Naturally I realised that this was a moment I had to capture on video. I was ill prepared and just had to make do with the lens and equipment I had there and then. When I came home that night, I edited the video and uploaded it to the local paper’s web site. It got thousands of hits, something I of course knew it would get. Both Berg Hestad, and his team, are well known, well liked and very popular.
The next day, a journalist from one of the biggest media houses in Norway called me and asked if they could have the video on their web site (read: in their player so that they could receive all the hits for the video). The would credit the original article on rbnett.no and link to it. I said that was of course fine with me, as long as the editor of the rbnett.no approved. He did, and I downsized the video so that it would be easier for the journalist to download it to his computer.
I emailed him the link, and then I asked where I should send my bill. I swiftly got a reply telling me that there must have been some misunderstanding. Payment had never been mentioned, and they thought that it was clear that crediting the video and linking to the original article would be enough. I told him that no, that would not be enough.

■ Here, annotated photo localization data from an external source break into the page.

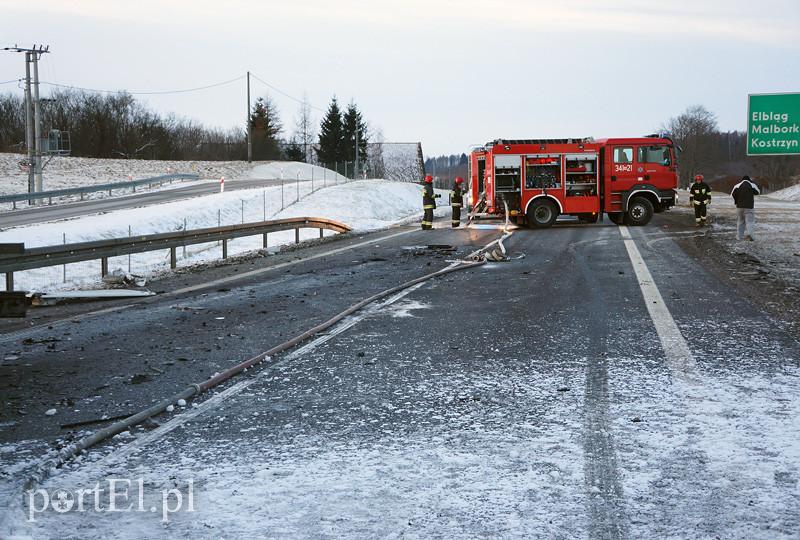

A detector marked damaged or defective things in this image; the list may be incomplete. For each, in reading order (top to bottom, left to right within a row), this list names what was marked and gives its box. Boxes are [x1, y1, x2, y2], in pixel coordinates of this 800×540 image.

damaged guardrail [0, 173, 199, 209]
damaged guardrail [0, 215, 354, 294]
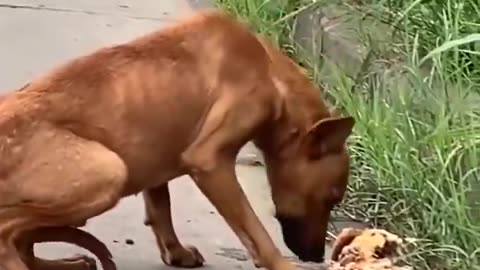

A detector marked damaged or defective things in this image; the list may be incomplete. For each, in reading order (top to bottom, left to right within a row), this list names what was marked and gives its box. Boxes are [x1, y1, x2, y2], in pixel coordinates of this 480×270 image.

crack in the pavement [0, 3, 174, 21]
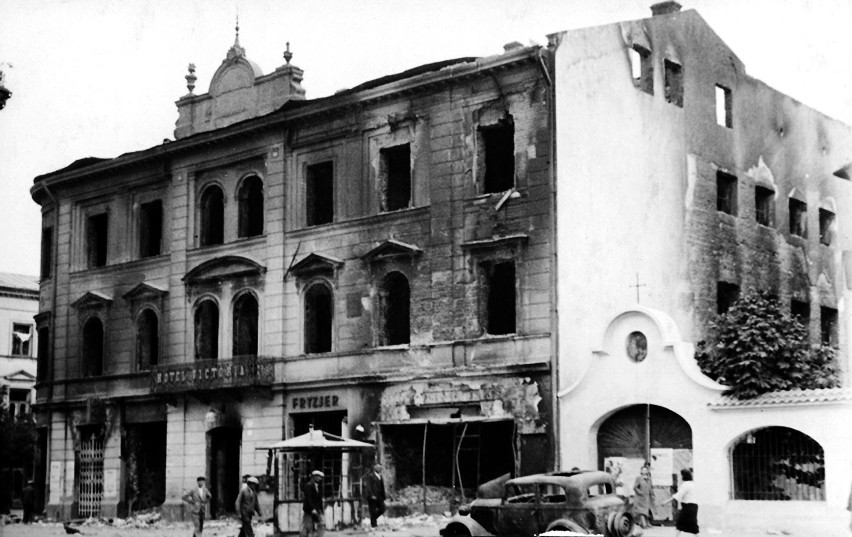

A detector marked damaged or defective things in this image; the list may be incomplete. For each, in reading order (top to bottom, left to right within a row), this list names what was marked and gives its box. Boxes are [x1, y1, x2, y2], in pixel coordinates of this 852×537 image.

broken window opening [628, 45, 656, 94]
broken window opening [664, 60, 684, 108]
broken window opening [86, 211, 108, 266]
broken window opening [139, 200, 164, 258]
broken window opening [238, 176, 264, 237]
broken window opening [306, 159, 332, 226]
broken window opening [382, 144, 412, 211]
broken window opening [480, 116, 512, 194]
broken window opening [716, 171, 736, 215]
broken window opening [756, 186, 776, 226]
broken window opening [788, 198, 808, 238]
broken window opening [82, 314, 105, 376]
broken window opening [136, 308, 159, 370]
broken window opening [194, 298, 220, 360]
broken window opening [231, 292, 258, 358]
broken window opening [304, 282, 332, 354]
broken window opening [380, 270, 410, 346]
broken window opening [482, 260, 516, 336]
broken window opening [720, 280, 740, 314]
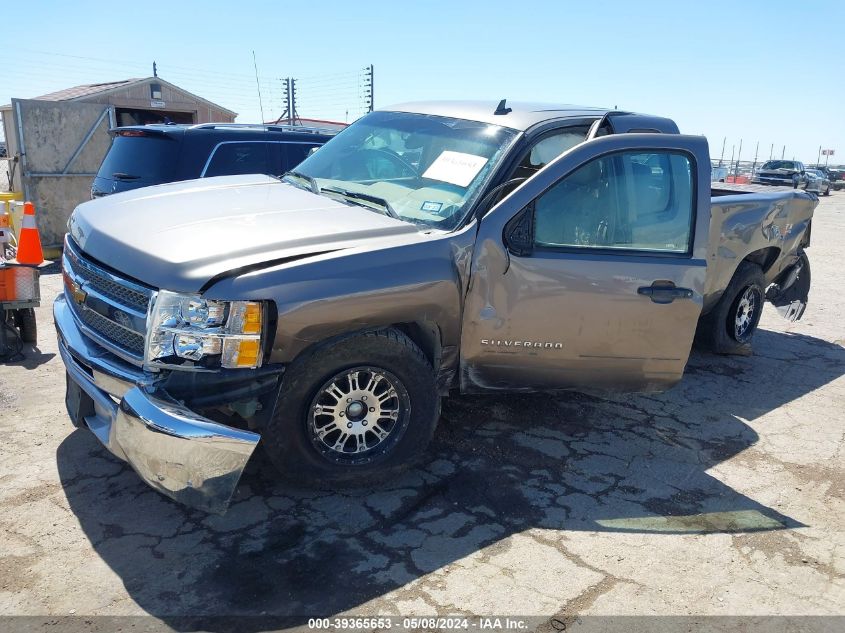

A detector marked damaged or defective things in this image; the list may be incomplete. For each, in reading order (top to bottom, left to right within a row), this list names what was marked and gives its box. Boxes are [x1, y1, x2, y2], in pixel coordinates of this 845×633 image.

He then replied he had to check with his superiors about payment, and said he’d get back to me.
I was sure that this would be the last I heard from him, but several hours later I got a reply from him telling me that they would not be using the video after all, and he thanked me for my time.
That’s when I got really pissed off. I had spent over an hour getting permission for them to use the video, downsize it, upload it to my server and telling the journalist where to get the video. Yes, the video is not of great quality, as I said I was ill prepared, but there are videos on their web site of much worse quality than mine. And that’s beside the point. They wanted me to give them my work for free so that they could receive hits and ad revenues for it. And believe me, Berg Hestad’s name would make sure that they would receive loads of hits on this. This is incredibly unprofessional behaviour that I would not expect from this media house.
I choose to believe that it all came down to a misunderstanding. That they didn’t know that I was a professional, and do this as part of my livelihood. But the realist in me is afraid they thought they would get away with telling me that I would get free exposure.
I’m sorry, but the exposure I will get from your use of my photo is minimal. Besides, would they go to the local grocery, buy lunch for your colleagues and then tell the cashier to give it to them for free because it would give the shop publicity? Would they tell their carpenter working on their building that? “I doubt it. Do you think the journalist on duty work for free?
I’ve invested in equipment, I’ve trained, worked for hours and I worked my butt off that night to get pictures, interviews and that video. I worked until half past three in the morning, and they have the gall to ask me to get it for free?
I know the editor of the web site, so I will get in touch with him and tell him what I think of all this. I just have to calm down a little bit more first.